[Stored dataset items]
※ ※ ※
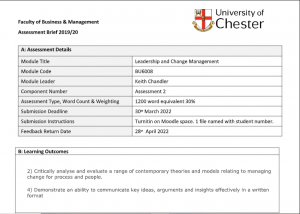 change management assignment unisel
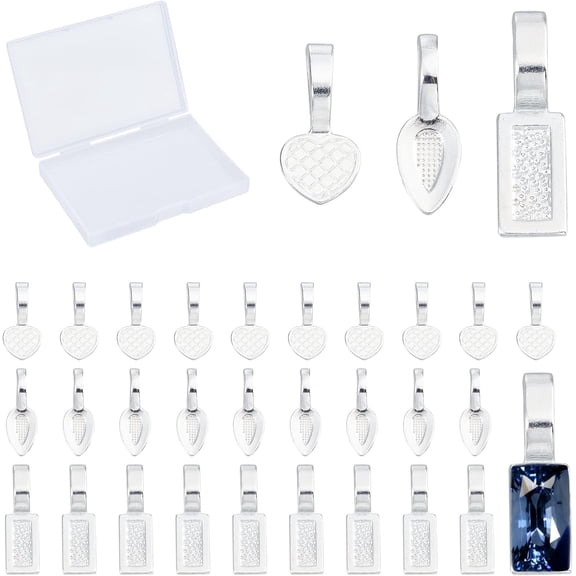 DIY 1 Box 120Pcs 3 Styles Glue-on Flat Pad Bails Tibetan Style Heart Leaf Rectangle Bails Earring Necklace Charms Pendants DIY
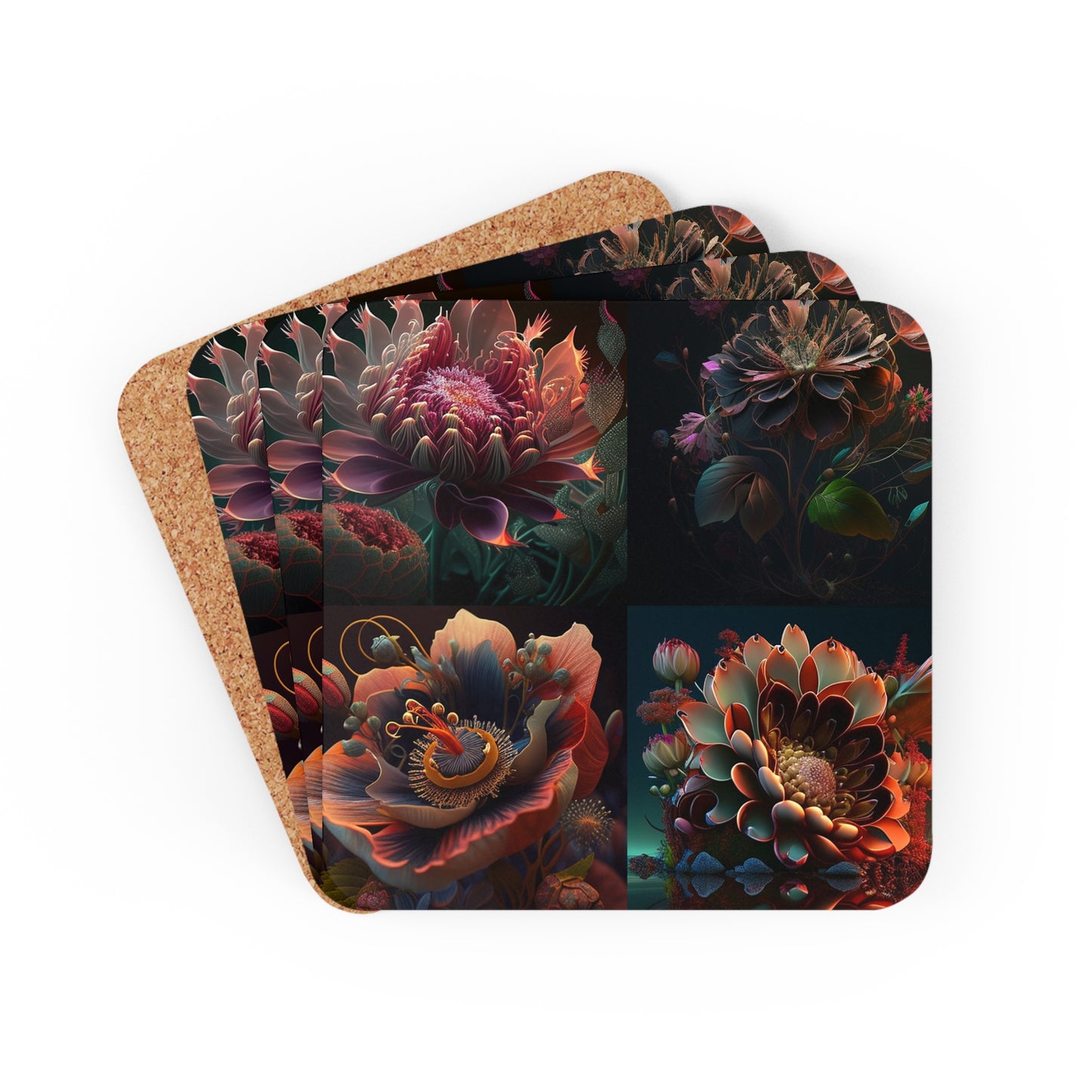 Corkwood Coaster Set Flower Arangment 5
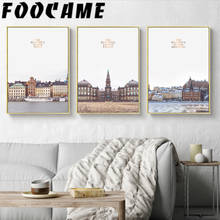 FOOCAME Wall Art Canvas Seaside City Scenery Landscape Painting Nordic Poster Modern Home Decoration Print Picture Living Room 2024 - buy cheap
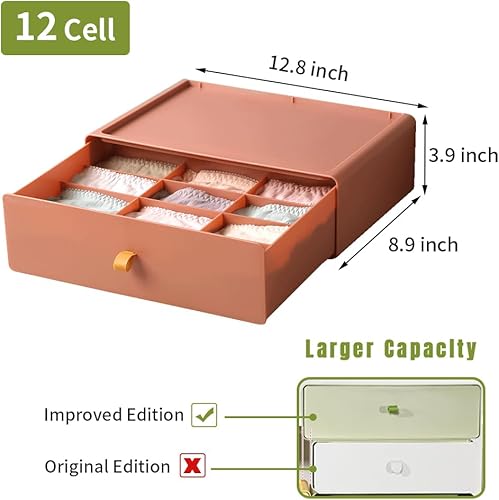 Miniatura 2 de Tynulox Separadores organizadores de ropa interior de plástico  1 cajón apilable grande de armario  Contenedor de almacenamiento amarillo para
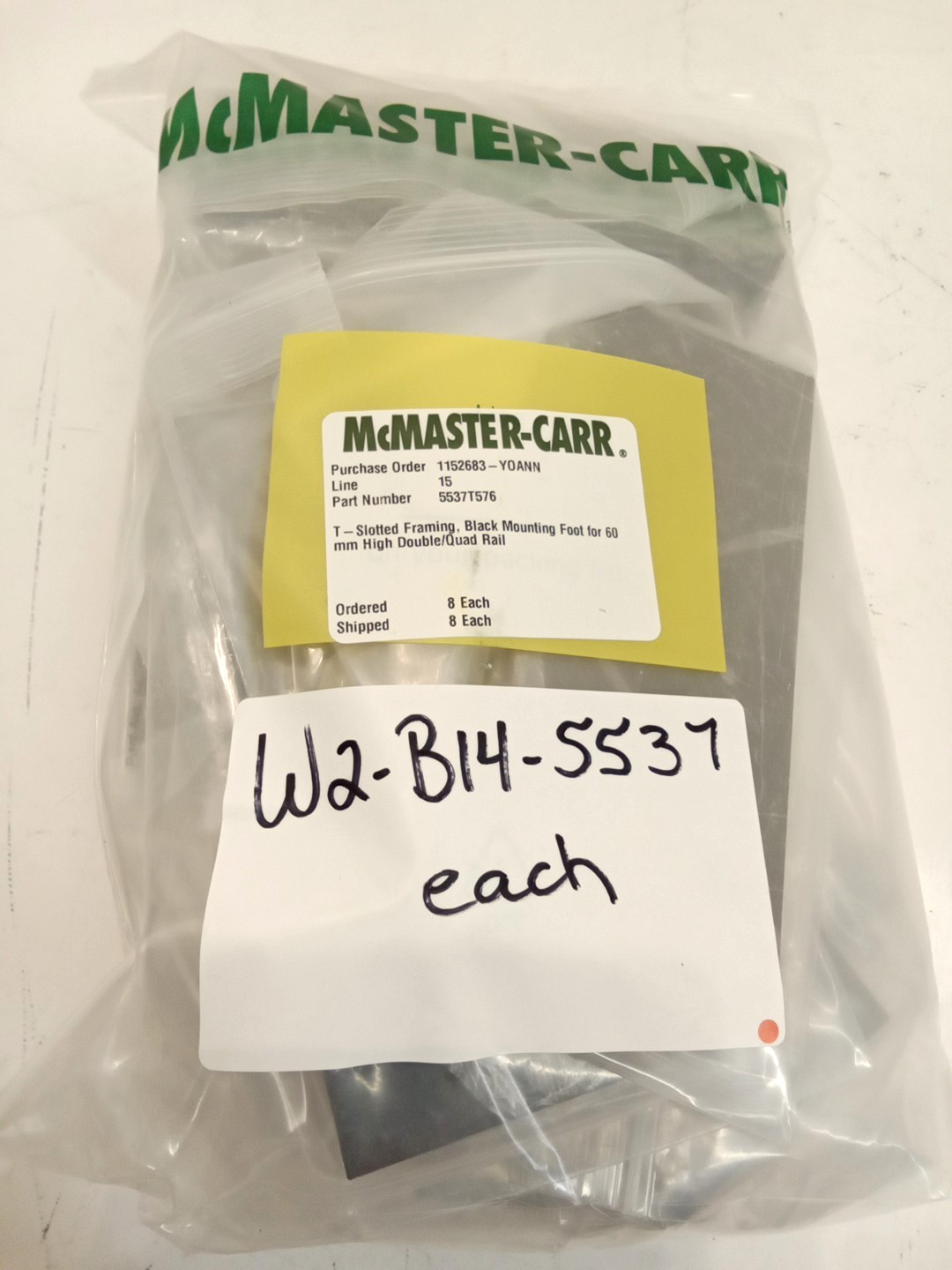 McMaster Carr 5537T576 T-Slot Black Mounting Foot for 60mm High Double/Quad Rail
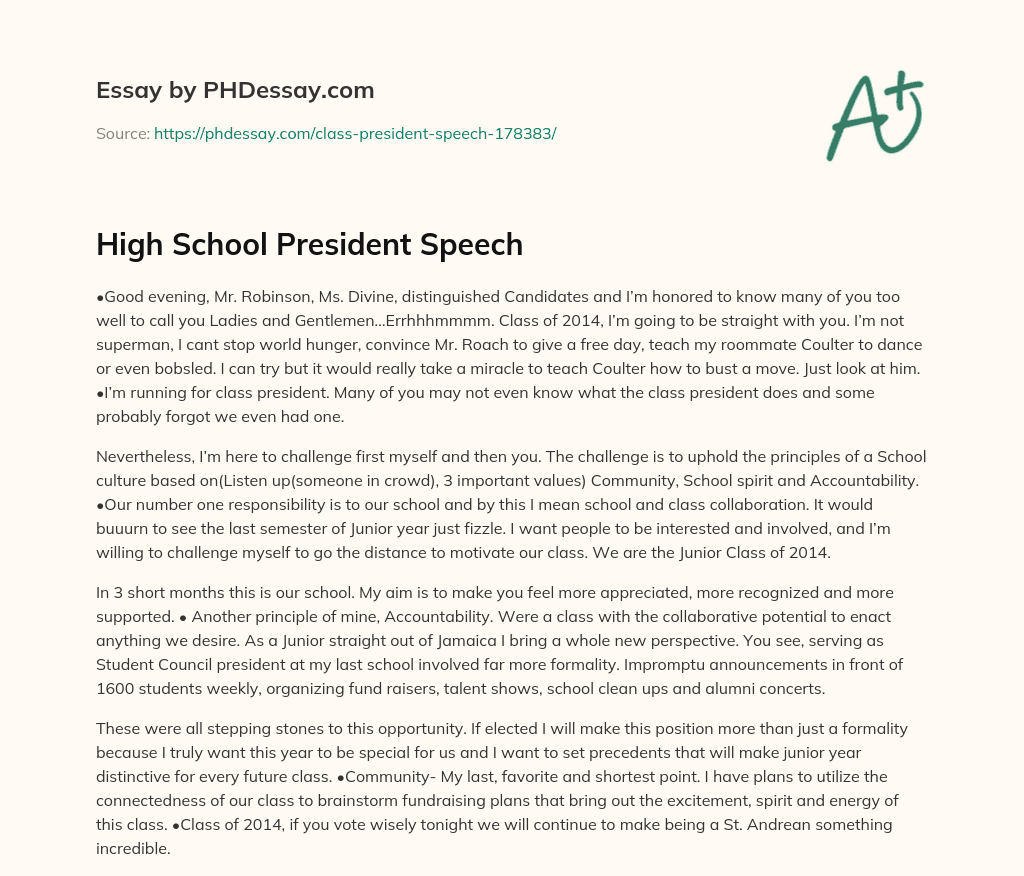 sample speech for school president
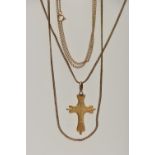 TWO YELLOW METAL CHAINS AND A CROSS PENDANT, the first a fine curb link chain with spring clasp,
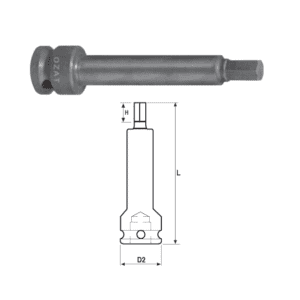 Cap cheie tubulara de impact 1" cu profil hexagon exterior, o piesa, lung 100 mm 9/16"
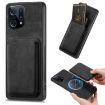 OPPO Find X5 Retro Leather Card Bag Magnetic Phone Case - Black - 1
※ ※ ※
• _ACTIVITY_: Exact copy, pictures excluded: from the line with "DIY 1 Box 120Pcs" up to and including the line with "sample speech for school president" in the data above.

• _SOLUTION TO THIS PROBLEM_:
 DIY 1 Box 120Pcs 3 Styles Glue-on Flat Pad Bails Tibetan Style Heart Leaf Rectangle Bails Earring Necklace Charms Pendants DIY
 Corkwood Coaster Set Flower Arangment 5
 FOOCAME Wall Art Canvas Seaside City Scenery Landscape Painting Nordic Poster Modern Home Decoration Print Picture Living Room 2024 - buy cheap
 Miniatura 2 de Tynulox Separadores organizadores de ropa interior de plástico  1 cajón apilable grande de armario  Contenedor de almacenamiento amarillo para
 McMaster Carr 5537T576 T-Slot Black Mounting Foot for 60mm High Double/Quad Rail
 sample speech for school president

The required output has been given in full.